Pharmaceutics. 2019 Jul 5;11(7):318. doi: 10.3390/pharmaceutics11070318.
This study investigated the pharmacokinetics of tofacitinib in rats and the effects of first-pass metabolism on tofacitinib pharmacokinetics. Intravenous administration of 5, 10, 20, and 50 mg/kg tofacitinib showed that the dose-normalized area under the plasma concentration-time curve from time zero to infinity (AUC) was significantly higher at 50 mg/kg than at lower doses, a difference possibly due to saturation of the hepatic metabolism of tofacitinib. Oral administration of 10, 20, 50, and 100 mg/kg tofacitinib showed that the dose-normalized AUC was significantly higher at 100 mg/kg than at lower doses, a difference possibly due to saturation of the intestinal metabolism of tofacitinib. Following oral administration of 10 mg/kg tofacitinib, the unabsorbed fraction from the rat intestine was 3.16% and the bioavailability () was 29.1%. The AUC was significantly lower (49.3%) after intraduodenal, compared to intraportal, administration, but did not differ between intragastric and intraduodenal administration, suggesting that approximately 46.1% of orally administered tofacitinib was metabolized through an intestinal first-pass effect. The AUC was also significantly lower (42%) after intraportal, compared to intravenous, administration, suggesting that the hepatic first-pass effect on tofacitinib after entering the portal vein was approximately 21.3% of the oral dose. Taken together, these findings suggest that the low of tofacitinib is due primarily to intestinal first-pass metabolism.

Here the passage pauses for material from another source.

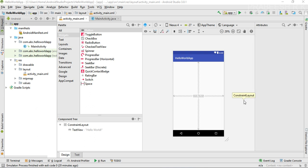Hello guys, welcome back to another episode in the Android application development tutorial series. In this episode, I am going to show you how to create a simple user interface using Android Studio layout editor. In Android, the user interface is created using XML elements, so if you do not have prior experience in XML, don't worry — you can easily create a user interface using the Android Studio layout editor.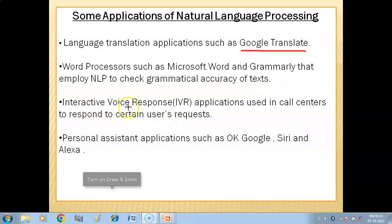Interactive voice response applications are used in call centers to respond to certain user requests. A machine responds to your questions — for example, prompting you to press 1 or press 2 — by processing your language and solving your problem.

本研究考察了托法替布在大鼠体内的药代动力学以及首过代谢对托法替布药代动力学的影响。静脉注射5、10、20和50mg/kg托法替布的结果显示,剂量标准化的血浆浓度-时间曲线下从零至无穷大的面积(AUC)在50mg/kg时显著高于较低剂量组,这种差异可能是由于托法替布肝脏代谢饱和所致。口服10、20、50和100mg/kg托法替布的结果显示,剂量标准化的AUC在100mg/kg时显著高于较低剂量组,这种差异可能是由于托法替布肠道代谢饱和所致。口服10mg/kg托法替布后,大鼠肠道未吸收部分为3.16%,生物利用度()为29.1%。十二指肠给药后的AUC显著低于门静脉给药(49.3%),但胃内给药和十二指肠给药之间无差异,这表明口服托法替布约46.1%通过肠道首过效应被代谢。门静脉给药后的AUC也显著低于静脉给药(42%),这表明托法替布进入门静脉后的肝脏首过效应约为口服剂量的21.3%。综上所述,这些发现表明托法替布的低生物利用度主要是由于肠道首过代谢。